Sorry if I missed something, but what would be within your natural sports drink that would address the electrolytes that are found within the mainstream sports drinks?

Thanks so much. You’re one fantastic advisor and leader in this field.

Nile

    Yuri

    (Reply)



    The minerals found in the citrus and the sea salt.

      Nile


      Thank you Yuri.

Ash

(Reply)



Hey Yuri,

I’m loving your advice and workouts and recently purchased your book, Eating for Energy. I’m learning so much. I really appreciate the scientific basis that you present for these positions that you have.
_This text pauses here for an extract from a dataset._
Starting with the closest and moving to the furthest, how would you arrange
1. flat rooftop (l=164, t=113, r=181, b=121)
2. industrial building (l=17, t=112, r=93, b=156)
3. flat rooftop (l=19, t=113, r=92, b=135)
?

I have one question regarding maple syrup. I’ve heard that maple syrup is refined, because what you buy is not directly from the tree. Therefore people have recommended molasses to me instead. Could you please tell me what your thoughts are on this?

Thanks.

    Yuri

    (Reply)



    I would use agave nectar rather than molasses.

      Ash


      Great. Thanks!

gill

(Reply)



Yuri,

Great advice.

I have a question regarding post workout nutrition. I do my strength workout late in the night … around 9 or 10 pm … I have my dinner before my workout at around 7 pm. So what can I have after my workout is done, before I go to sleep?

Thanks,
gill

    Yuri

    (Reply)



    A smoothie or fresh pressed vegetable juice would be fine. Some nuts and seeds as well if you want.

      gill


      Thanks, Yuri.

Frank Peterson

(Reply)



Yuri, I have a question for you. Beyond what to drink after a good workout, I would like to know what to do to tighten my skin. You see. I am older and since I do mostly raw foods, I find my mass is less than what my skin had to cover in the past when I had more volume. Want to tighten the skin over my thighs and abdomen. Any suggestions, much appreciated.
Regards,
Frank

    oliveoil

    (Reply)



    Yes, me also and my arms!!

Mike

(Reply)



Hi Yuri,

Quick question, I seem to be getting addicted to pre-workout(store bought) powders. I always want to go to the gym or outside to get some cardio…. the energy to do it- is never or almost never there. These store bought are full of ??? but they sure get me going.

Any suggestions on what could help that is more appropriate?

    Yuri

    (Reply)



    Just prepare a natural smoothie with fruit, hemp seeds, nut butter, and some omega-3s. You can use a good quality protein if you want but I wouldn’t rely on all those “pre-made” drinks.